The pipelines contain seven major analysis steps. First, the pipeline checks the quality of the sequencing reads, performs adapter trimming (for both SE and PE reads), and merges 3’ overlapping PE reads (for PE reads only). Then the reads are aligned to the reference genome, filtered, duplicates removed, and the alignment refined. The pipelines calculate exon coverage and collect callable loci from the alignment. Afterwards, the pipelines detect, filter, and annotate variants for each aligner+caller combination. Finally, the pipelines archive the results, integrate metrics and all variants sets, and generate a project data analysis report for visualization in ExScaliburViz. At the pipeline completion, a runtime report is generated to illustrate the timeline of analysis, with detailed description of the commands, inputs, outputs, and dependencies. Intermediate reports will be generated if the pipelines prematurely terminate due to software/hardware failure.
Evaluation of GMD germline SNV detection in the AML dataset.
| Variant Set | TP | FP | TN | FN | Sensitivity (SD) % | Specificity (SD) % | Precision (SD) % |
|---|---|---|---|---|---|---|---|
| BWA-mem+GATKHaplotypeCaller | 15,856 | 33 | 22,564 | 516 | 97.17 (1.24) | 99.86 (0.34) | 99.80 (0.48) |
| Novoalign+GATKHaplotypeCaller | 15,833 | 33 | 22,564 | 538 | 97.03 (1.24) | 99.86 (0.34) | 99.80 (0.48) |
| BWA-mem+FreeBayes | 14,982 | 94 | 22,503 | 1,390 | 91.66 (0.90) | 99.54 (0.42) | 99.31 (0.62) |
| Novoalign+FreeBayes | 15,009 | 80 | 22,517 | 1,363 | 91.80 (0.87) | 99.62 (0.35) | 99.43 (0.52) |
| BWA-mem+IsaacVariantCaller | 11,560 | 11 | 22,586 | 4,812 | 73.53 (8.30) | 99.95 (0.05) | 99.90 (0.11) |
| Novoalign+IsaacVariantCaller | 11,288 | 11 | 22,586 | 5,083 | 71.77 (8.09) | 99.95 (0.05) | 99.90 (0.10) |
| BWA-mem+SAMtools | 15,153 | 60 | 22,537 | 1,219 | 91.82 (2.19) | 99.75 (0.50) | 99.62 (0.73) |
| Novoalign+SAMtools | 14,210 | 57 | 22,540 | 2,161 | 85.26 (4.21) | 99.76 (0.45) | 99.62 (0.71) |
|
| 16,057 | 47 | 22,550 | 315 | 98.23 (0.99) | 99.80 (0.40) | 99.72 (0.56) |
Counts and percentages are shown as the average across 30 AML normal samples. SD: Standard Deviation.

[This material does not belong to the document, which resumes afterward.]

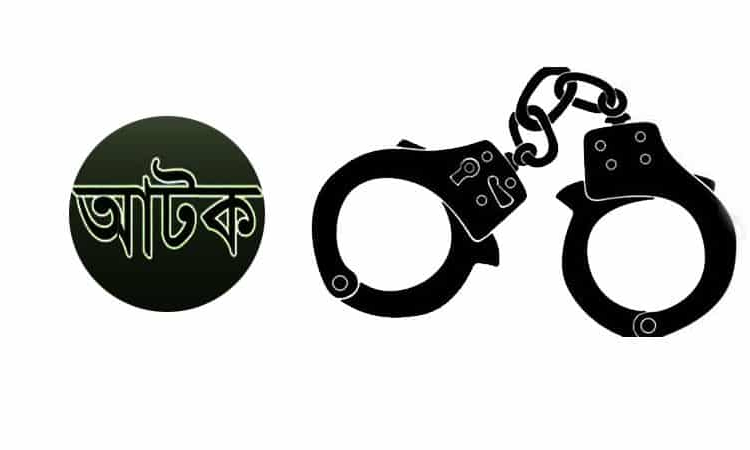 Mafia Zakir arrested with millions of fake currency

Evaluation of SMD somatic SNV detection in the simulation datasets.
| Variant Set | Dataset 1 | Dataset 2 | ||||||
|---|---|---|---|---|---|---|---|---|
| TP | FN | Sensitivity % | FNR | FP | TN | Specificity % | FPR | |
| BWA-mem+MuTect | 690 | 52 | 92.99 | 7.01E-02 | 16 | 47,301,677 | 99.99997 | 3.38E-07 |
| Novoalign+MuTect | 684 | 58 | 92.18 | 7.82E-02 | 23 | 47,301,670 | 99.99995 | 4.86E-07 |
| BWA-mem+Shimmer | 550 | 192 | 74.12 | 2.59E-01 | 0 | 47,301,693 | 100.00000 | 0.00 |
| Novoalign+Shimmer | 536 | 206 | 72.24 | 2.78E-01 | 0 | 47,301,693 | 100.00000 | 0.00 |
| BWA-mem+SomaticSniper | 707 | 35 | 95.28 | 4.72E-02 | 110 | 47,301,583 | 99.99977 | 2.33E-06 |
| Novoalign+SomaticSniper | 697 | 45 | 93.94 | 6.06E-02 | 109 | 47,301,584 | 99.99977 | 2.30E-06 |
| BWA-mem+Strelka | 597 | 145 | 80.46 | 1.95E-01 | 16 | 47,301,677 | 99.99997 | 3.38E-07 |
| Novoalign+Strelka | 596 | 146 | 80.32 | 1.97E-01 | 19 | 47,301,674 | 99.99996 | 4.02E-07 |
| BWA-mem+VarScan2 | 708 | 34 | 95.42 | 4.58E-02 | 27 | 47,301,666 | 99.99994 | 5.71E-07 |
| Novoalign+VarScan2 | 705 | 37 | 95.01 | 4.99E-02 | 25 | 47,301,668 | 99.99995 | 5.29E-07 |
| BWA-mem+Virmid | 678 | 64 | 91.37 | 8.63E-02 | 0 | 47,301,693 | 100.00000 | 0.00 |
| Novoalign+Virmid | 690 | 52 | 92.99 | 7.01E-02 | 4 | 47,301,689 | 99.99999 | 8.46E-08 |
|
| 713 | 29 | 96.09 | 3.91E-02 | 1 | 47,301,692 | 100.00000 | 0.00 |
Results are shown for high-quality variants that passed all quality filters. Additional precision digits were kept for Specificity to infer small differences.